---- GIVEN ENTRIES

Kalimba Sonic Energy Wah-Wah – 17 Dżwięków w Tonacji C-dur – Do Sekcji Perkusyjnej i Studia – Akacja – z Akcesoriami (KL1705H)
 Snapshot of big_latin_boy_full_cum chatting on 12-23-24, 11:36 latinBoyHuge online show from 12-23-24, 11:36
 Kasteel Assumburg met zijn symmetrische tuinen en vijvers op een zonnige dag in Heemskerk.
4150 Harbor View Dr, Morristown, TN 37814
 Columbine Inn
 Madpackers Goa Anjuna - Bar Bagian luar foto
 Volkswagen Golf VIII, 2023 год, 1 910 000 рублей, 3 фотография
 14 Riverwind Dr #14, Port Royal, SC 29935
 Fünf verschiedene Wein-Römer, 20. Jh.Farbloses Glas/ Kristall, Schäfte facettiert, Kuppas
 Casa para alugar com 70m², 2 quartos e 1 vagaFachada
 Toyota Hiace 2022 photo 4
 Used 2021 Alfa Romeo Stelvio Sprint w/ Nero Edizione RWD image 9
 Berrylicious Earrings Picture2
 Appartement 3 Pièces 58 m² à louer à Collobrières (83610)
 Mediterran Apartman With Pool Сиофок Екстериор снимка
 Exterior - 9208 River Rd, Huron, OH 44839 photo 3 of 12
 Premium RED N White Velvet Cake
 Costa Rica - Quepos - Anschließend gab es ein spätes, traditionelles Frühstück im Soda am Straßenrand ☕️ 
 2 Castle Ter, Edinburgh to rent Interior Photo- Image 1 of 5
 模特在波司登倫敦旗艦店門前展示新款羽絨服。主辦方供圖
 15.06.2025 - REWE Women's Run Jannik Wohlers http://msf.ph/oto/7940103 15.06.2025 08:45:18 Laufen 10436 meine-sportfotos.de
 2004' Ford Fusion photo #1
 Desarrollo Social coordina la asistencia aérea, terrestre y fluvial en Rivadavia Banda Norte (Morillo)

--------

TASK GOAL:
Copy down every record, keeping each one exact.

RESPONSE TO THE TASK:
Kalimba Sonic Energy Wah-Wah – 17 Dżwięków w Tonacji C-dur – Do Sekcji Perkusyjnej i Studia – Akacja – z Akcesoriami (KL1705H)
 Snapshot of big_latin_boy_full_cum chatting on 12-23-24, 11:36 latinBoyHuge online show from 12-23-24, 11:36
 Kasteel Assumburg met zijn symmetrische tuinen en vijvers op een zonnige dag in Heemskerk.
4150 Harbor View Dr, Morristown, TN 37814
 Columbine Inn
 Madpackers Goa Anjuna - Bar Bagian luar foto
 Volkswagen Golf VIII, 2023 год, 1 910 000 рублей, 3 фотография
 14 Riverwind Dr #14, Port Royal, SC 29935
 Fünf verschiedene Wein-Römer, 20. Jh.Farbloses Glas/ Kristall, Schäfte facettiert, Kuppas
 Casa para alugar com 70m², 2 quartos e 1 vagaFachada
 Toyota Hiace 2022 photo 4
 Used 2021 Alfa Romeo Stelvio Sprint w/ Nero Edizione RWD image 9
 Berrylicious Earrings Picture2
 Appartement 3 Pièces 58 m² à louer à Collobrières (83610)
 Mediterran Apartman With Pool Сиофок Екстериор снимка
 Exterior - 9208 River Rd, Huron, OH 44839 photo 3 of 12
 Premium RED N White Velvet Cake
 Costa Rica - Quepos - Anschließend gab es ein spätes, traditionelles Frühstück im Soda am Straßenrand ☕️ 
 2 Castle Ter, Edinburgh to rent Interior Photo- Image 1 of 5
 模特在波司登倫敦旗艦店門前展示新款羽絨服。主辦方供圖
 15.06.2025 - REWE Women's Run Jannik Wohlers http://msf.ph/oto/7940103 15.06.2025 08:45:18 Laufen 10436 meine-sportfotos.de
 2004' Ford Fusion photo #1
 Desarrollo Social coordina la asistencia aérea, terrestre y fluvial en Rivadavia Banda Norte (Morillo)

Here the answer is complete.